LastPass has announced that its password manager users can now log into their private vault without a master password.
With the new system, customers will authenticate their identity through LastPass Authenticator, using biometrics or fingerprints. Support for physical security keys will be added later.
According to LastPass, this new feature makes their service the first of its kind to offer passwordless authentication.
A future without a password
Passwordless login has a number of advantages, especially in the context of password managers, which house a treasure trove of personal information and account credentials.
The main advantage is that biometrics-based authentication systems are immune to phishing, password stuffing attacks, and security risks created by password reuse (for example, breaches of passwords provided by third parties).
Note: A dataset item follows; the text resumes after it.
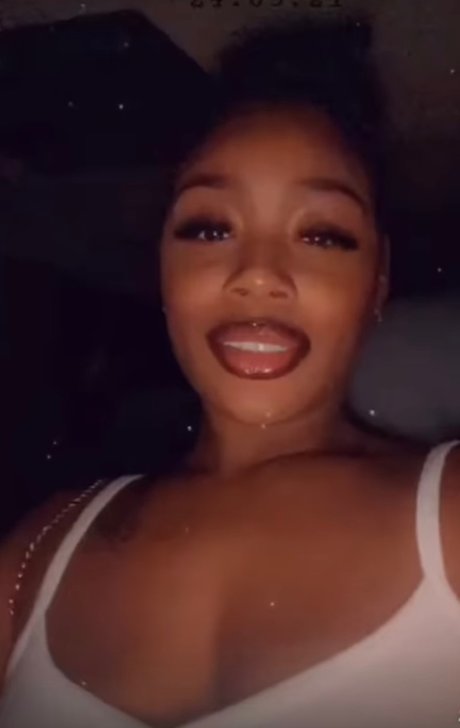 Naken läckt OnlyFans-bild av Ebony 
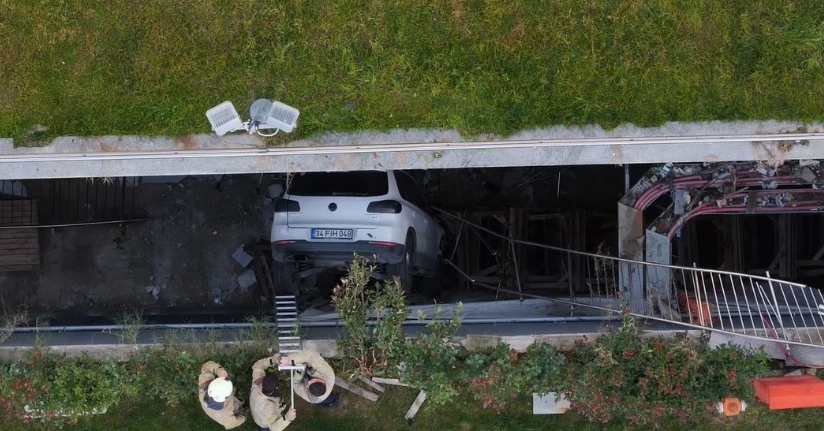 Otoparktan çıkan kadın sürücü araçlara çarparak boşluğa düştü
LastPass also predicts that the introduction of an easier way to log in (one that doesn't involve typing and retyping the same complex password) will encourage more people to adopt password managers in the first place, thereby minimizing the risk of account hacking. .
Users will initially need to set a master password when opening a new LastPass account, but the ultimate goal is to move to a fully password-based system in the future.
"On the heels of tech giants and identity providers revealing their plans to enable passwordless technology across their operating systems, web browsers, devices and apps, LastPass is pleased to be the first and only password manager to enable users to effortlessly and securely log in, manage their account credentials and get instant access to the accounts they use every day, without having to enter a password," said Chris Hoff, director of secure technology at LastPass.
"While large-scale deployment and adoption of passwordless technology is the ultimate goal of the industry, it will be years before people discover end-to-end passwordless login across all apps, but LastPass takes it before".